ACTIVITY = No picture should appear in the copy. Transcribe exactly, and only, the lines from the one with "Vinyasa Flow @ Yoga-Moment" through the last line of the data below.

Segment Start: INPUT

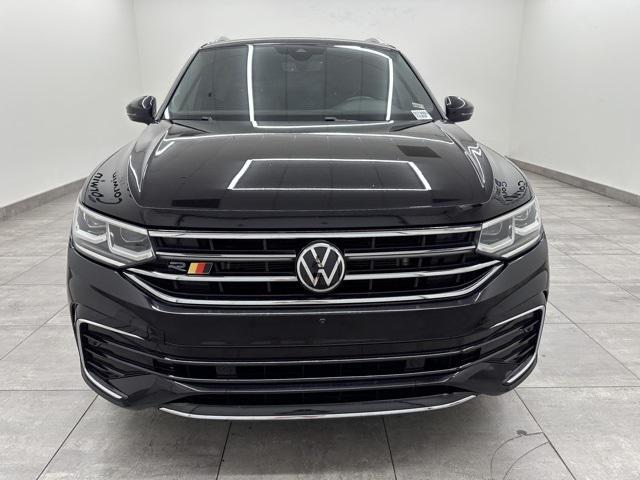 used 2023 Volkswagen Tiguan car, priced at $27,422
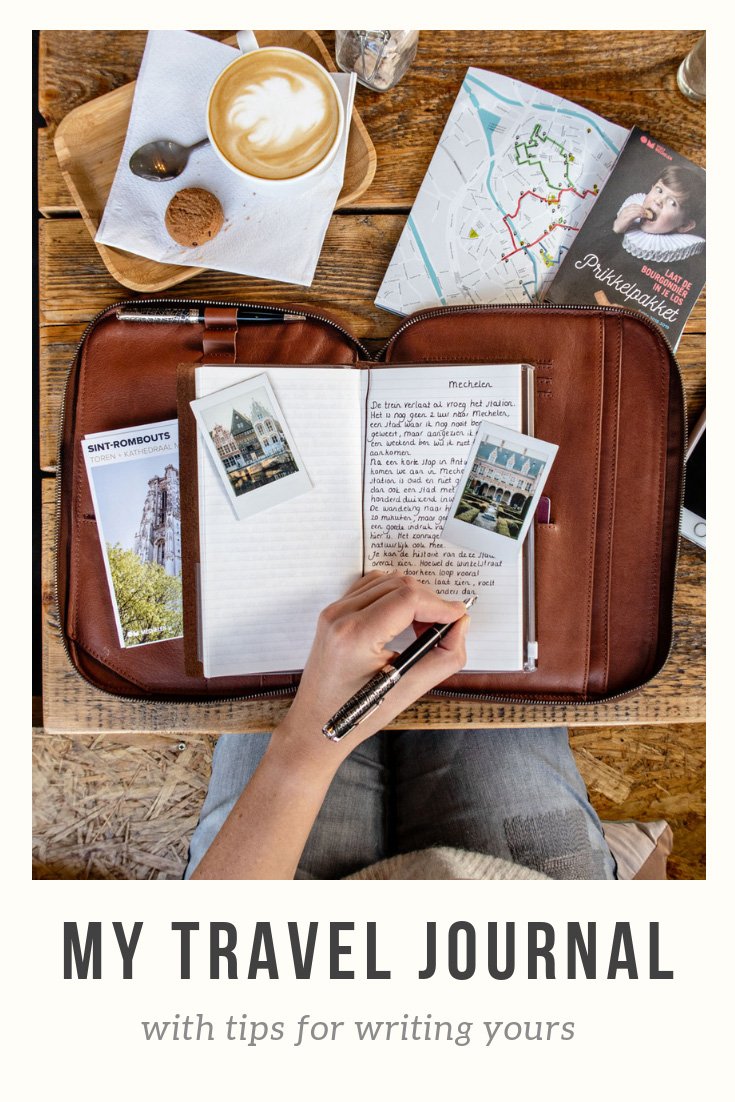 How my travel journal helps to make my travel experiences unforgettable. Tips for writing a Travel Journal. And a review of the Sonnet Special Edition Parker fountain pen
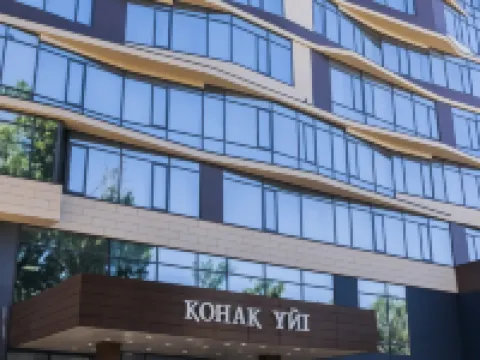 Aidana Plaza Hotel 奇姆肯特酒店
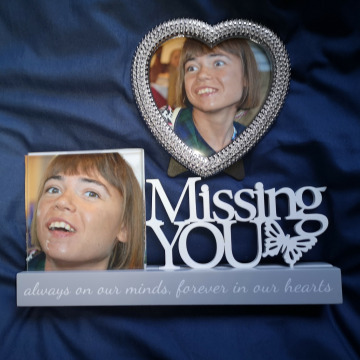 Photo for notice Sara Elizabeth YENDLE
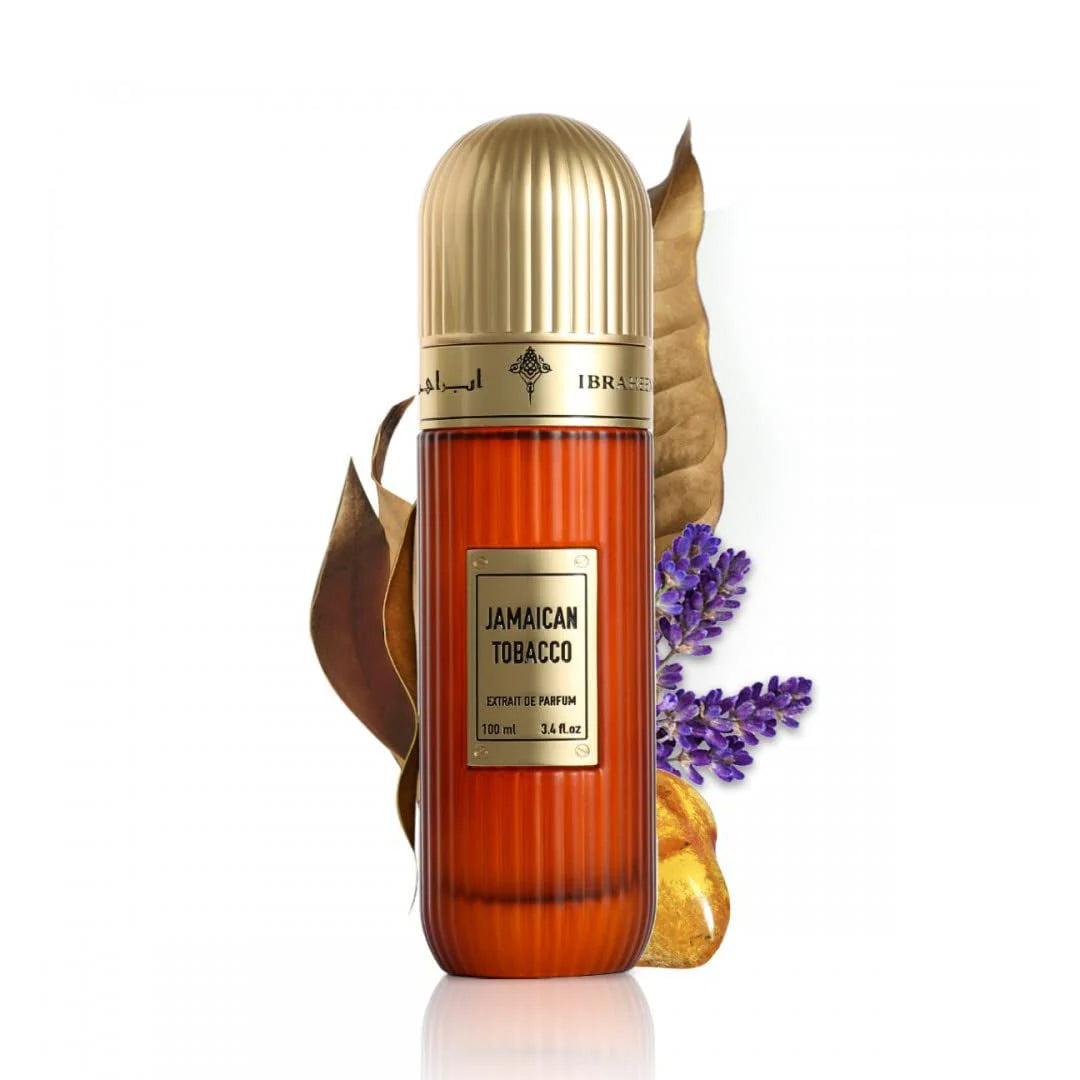 Ibrahim Al-Qurashi Jamaican Tobacco Extrait De Parfum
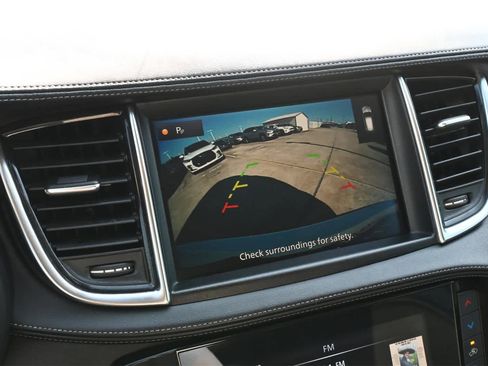 Used 2020 INFINITI QX50 Luxe w/ Navigation Package image 14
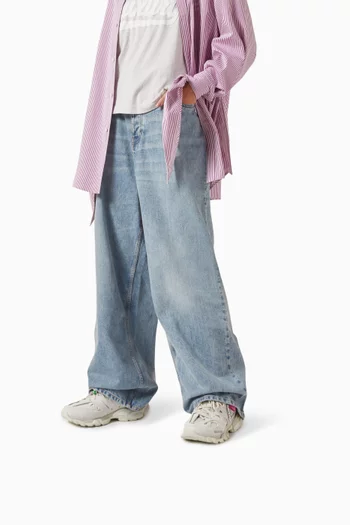 Track Charm Running Sneakers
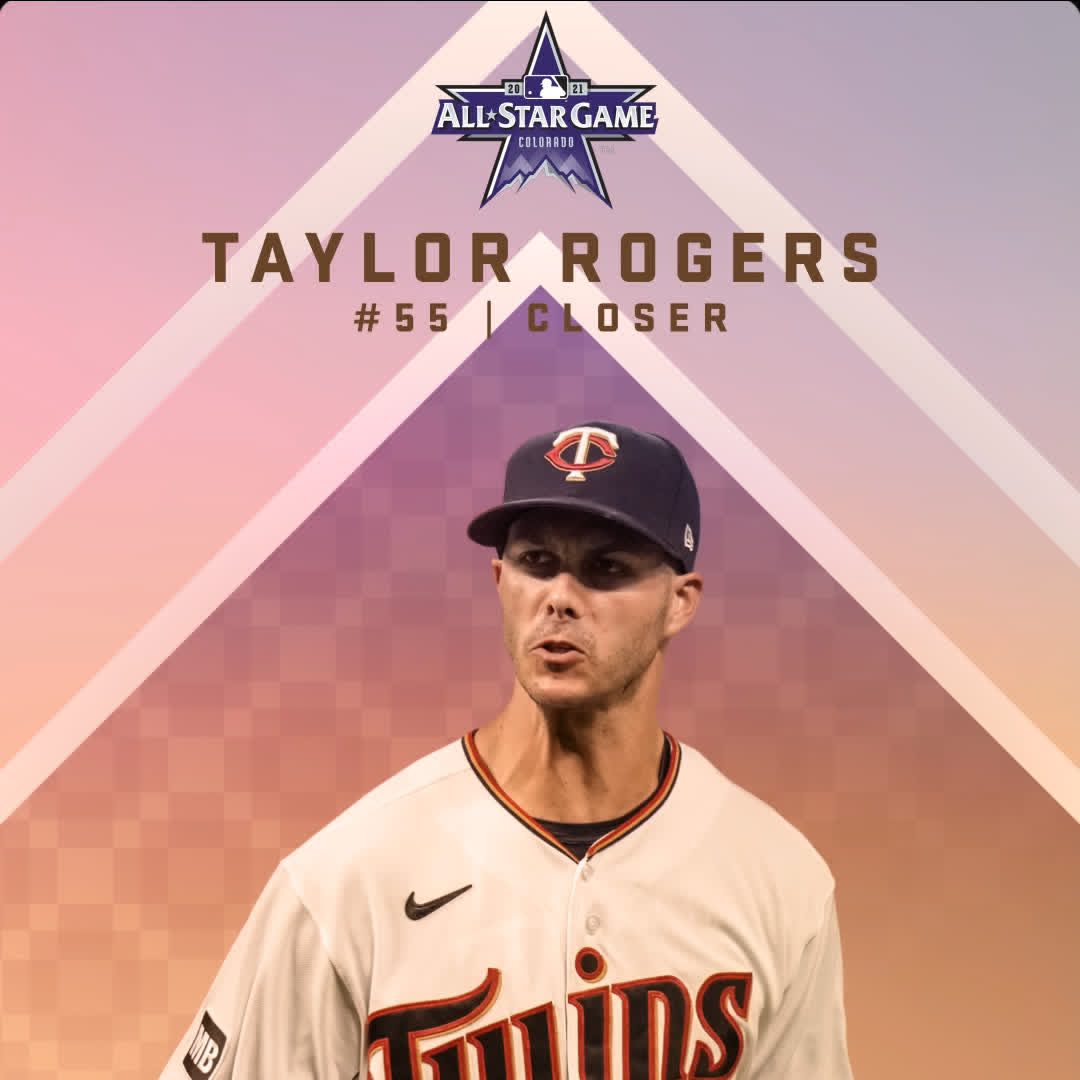 Taylor Rogers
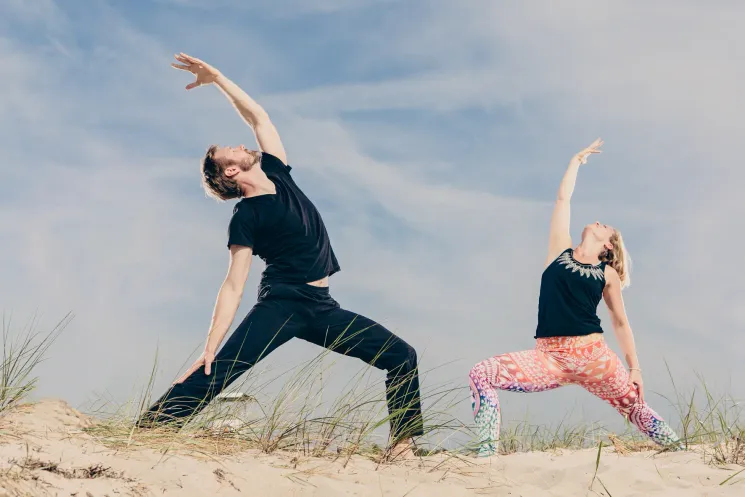 Vinyasa Flow @ Yoga-Moment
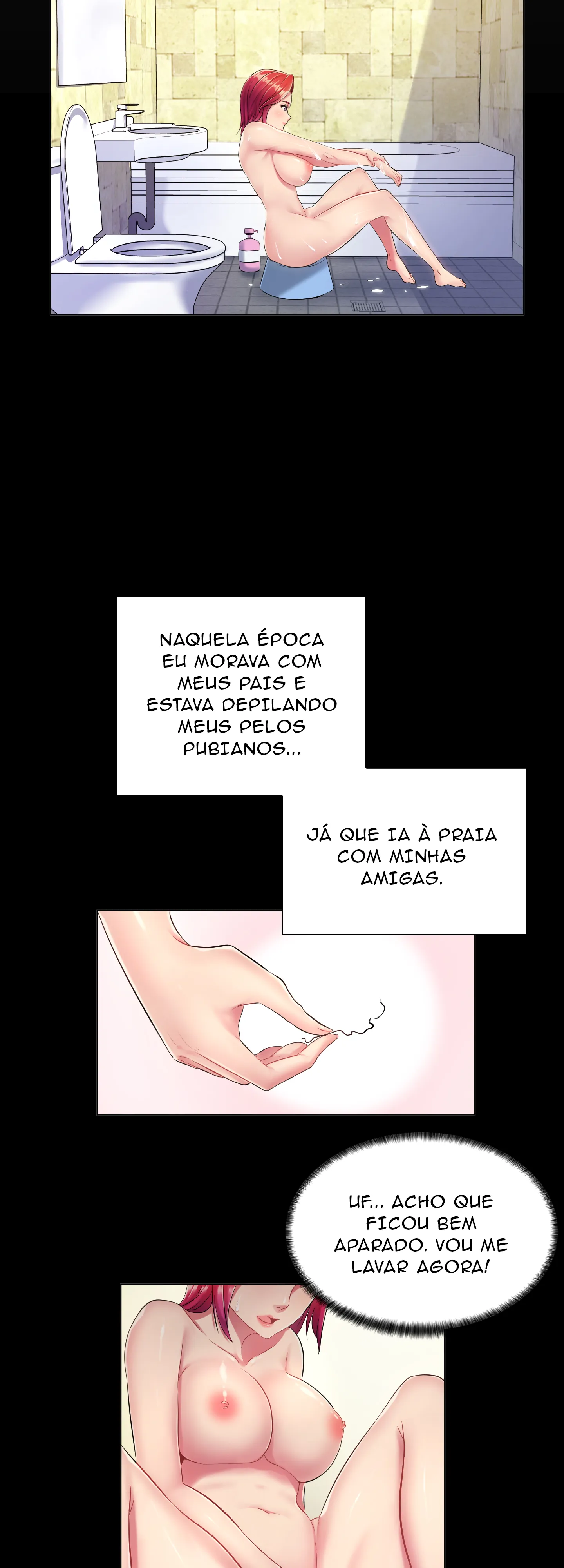 Vida Noturna Dos Professores - Episode 1 - read scene 22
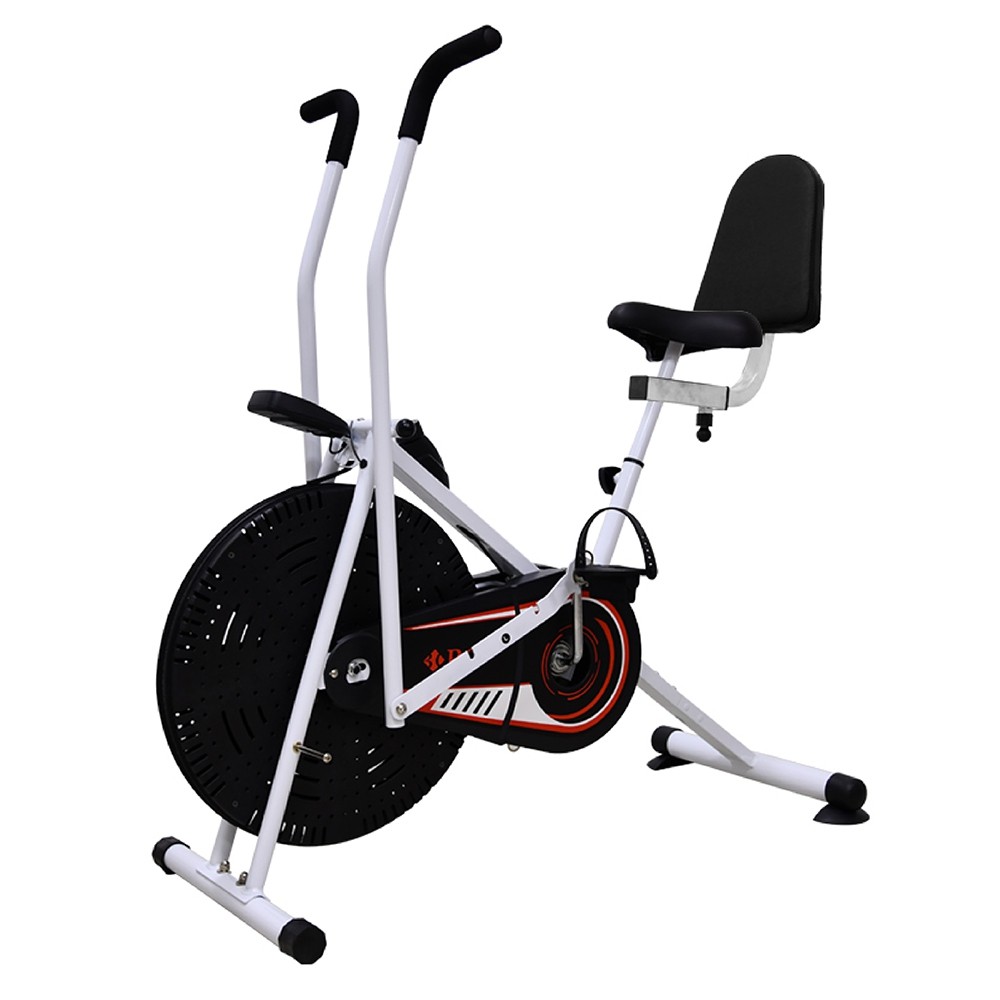 Professionall.gym19 -  Xe đạp tập thể dục BG mẫu 8702 Plus có tựa lưng 2023
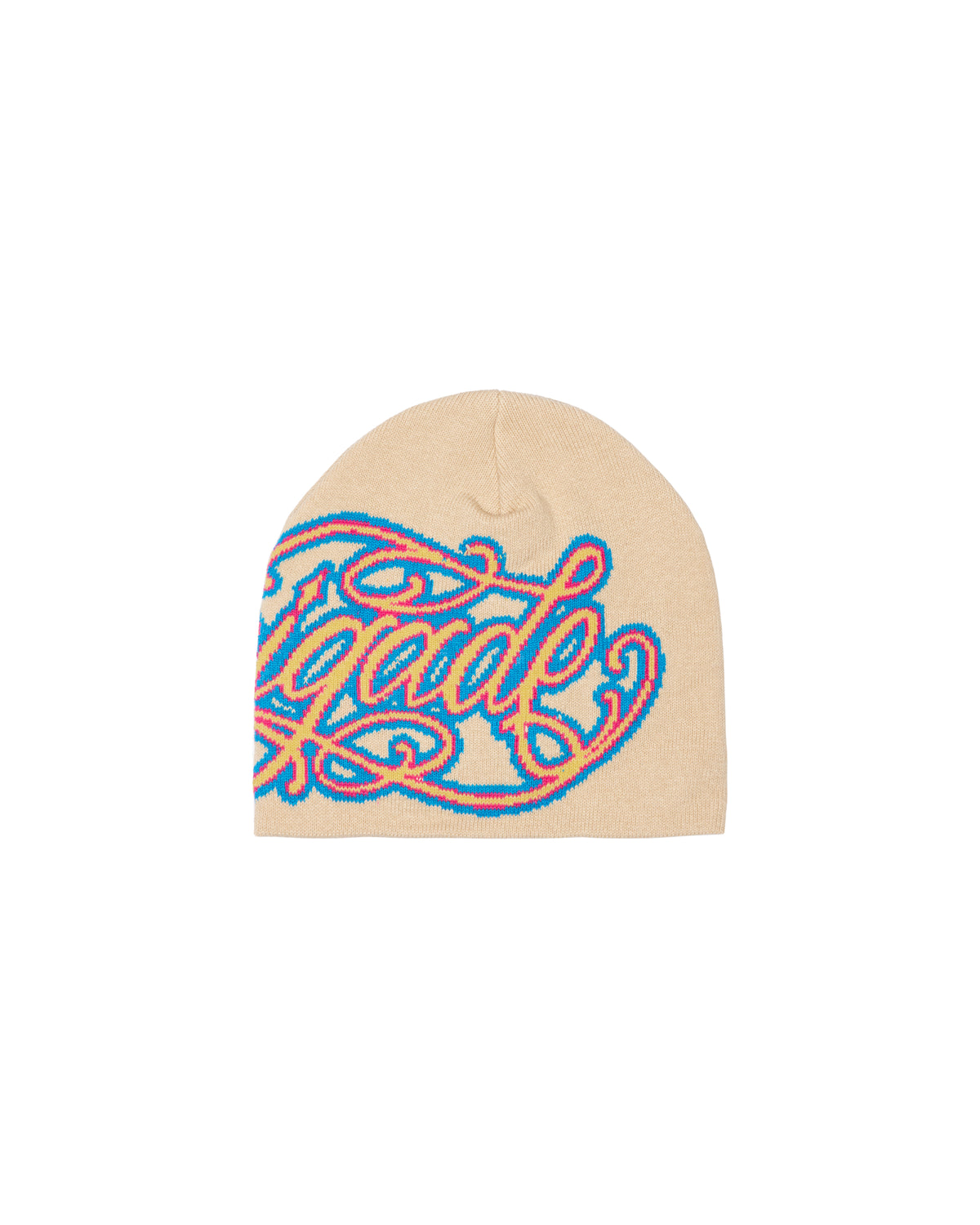 Script Logo Skully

Segment End: INPUT

SOLUTION =
 Vinyasa Flow @ Yoga-Moment
 Vida Noturna Dos Professores - Episode 1 - read scene 22
 Professionall.gym19 -  Xe đạp tập thể dục BG mẫu 8702 Plus có tựa lưng 2023
 Script Logo Skully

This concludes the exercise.